Legacy Performing Arts Center for 55 Years and Counting

10/27/15 7:42:07 PM — Maestro Riccardo Muti and the Chicago Symphony Orchestra perform Beethoven’s Symphony No. 5 in C Minor at Helzburg Hall in Kansas City.
. © Todd Rosenberg Photography 2015
In its 55th season, the Harriman-Jewell Series continues to carve out an enviable legacy as a performing arts presenter of international importance.
Many know that the Series presented tenor Luciano Pavarotti in his professional recital debut in 1973, but the story of discovery neither begins nor ends here. Few Kansas Citians
had seen New York City Ballet’s Patricia McBride and Edward Villella before they danced in the Series’ first performance in 1965. Nor had the community heard violinist Itzhak Perlman play, unless one counts Ed Sullivan Show appearances that preceded his first local recital in 1971.

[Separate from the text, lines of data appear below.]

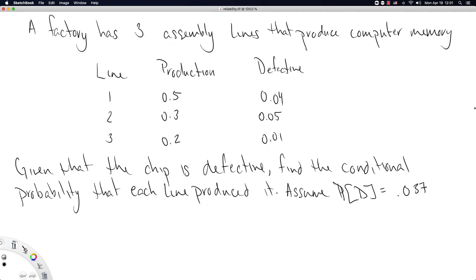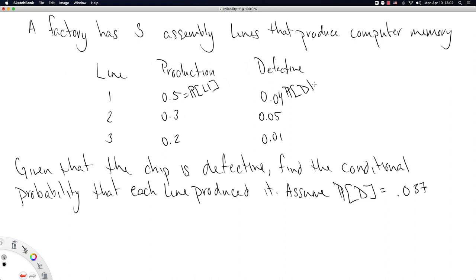Our first example concerns a factory with three assembly lines that produce — my particular example is computer memory, but it really doesn't need to be. This applies to any factory with multiple assembly lines producing some good. Assembly line one has 50% of the total production, so if you randomly choose a good from this factory, there is a 50% chance it came from line one. The defective column should be read as a conditional probability: the probability that the good is defective, given that it came from line one.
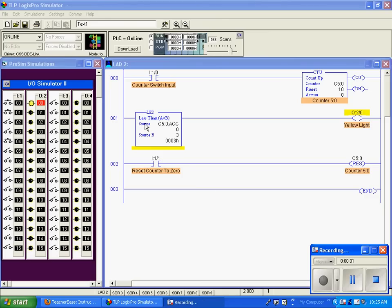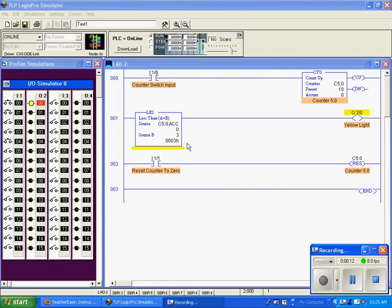This is the less than command. It compares two variables. We're looking here A and B. And as long as A is less than B, this is a true statement.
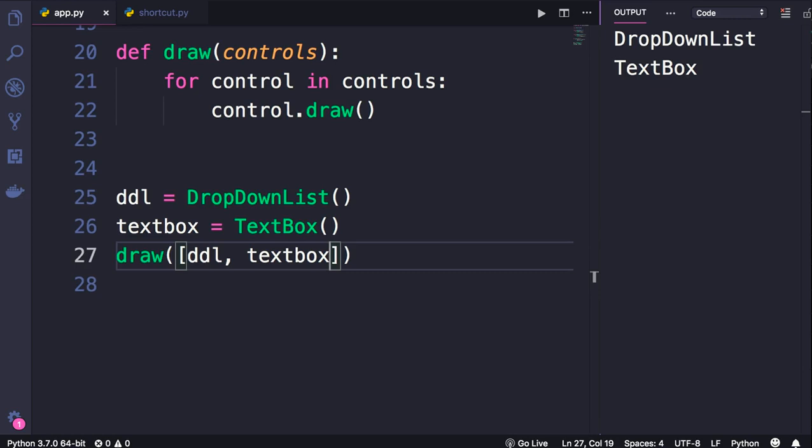Imagine we have a form with a bunch of textboxes, drop down lists, radio buttons, and so on. We could have a list of all these objects and pass that list to a function like draw, and that function would take care of rendering the entire form. What is interesting here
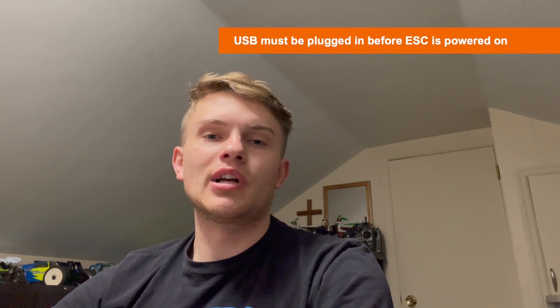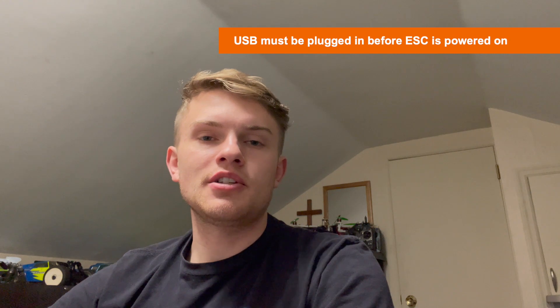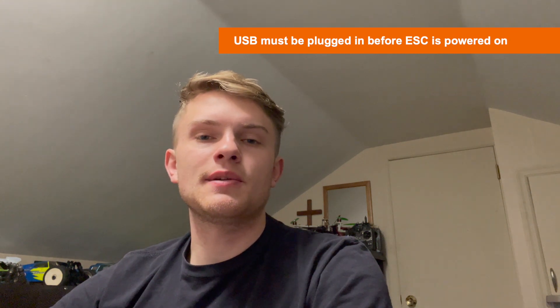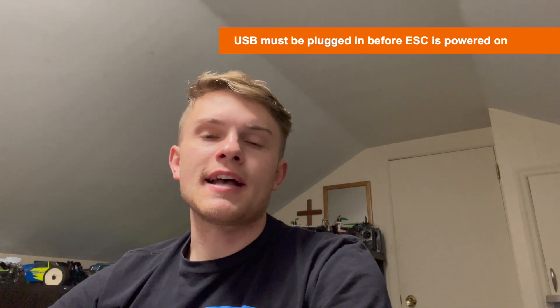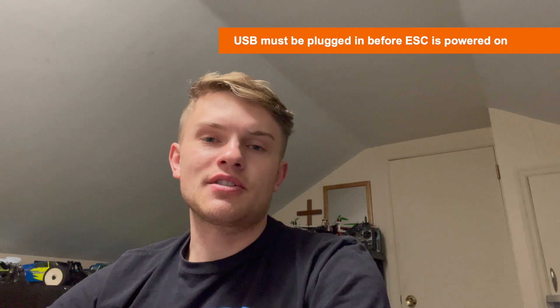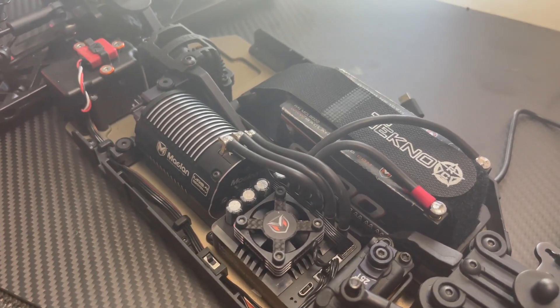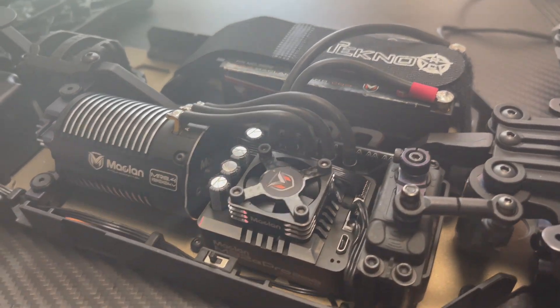An important note to keep in mind about firmware version 40.01 is that it changes the way you connect your ESC for programming. Previously, you could connect your USB cables at any point while the ESC was on. Now, the ESC has to be off while you connect your cables. Then, you turn the ESC back on for programming. I'll walk you through step by step with the M32E Pro 200 in front of me.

Discovery, along with the co-tenets quality and variety, run the full length of the Series’ existence. These principles set by the Series’ late founder and artistic director Richard Harriman will continue to guide its service to the community.
More than 950 performances have come to Kansas City by way of the Harriman-Jewell Series, including 23 American recital debuts by prominent artists. With the addition of its free educational events that allow interaction with musicians and dancers, and its free discovery concerts that eliminate the barrier of cost, the Harriman-Jewell Series offers even more life-enriching opportunities for its community’s youth and lifelong learners.
An enduring aspect of the Series, drafted by founders Richard Harriman and Dean Dunham, Jr., is the availability of the performing arts as an integral part of a superior liberal arts college curriculum for William Jewell College students.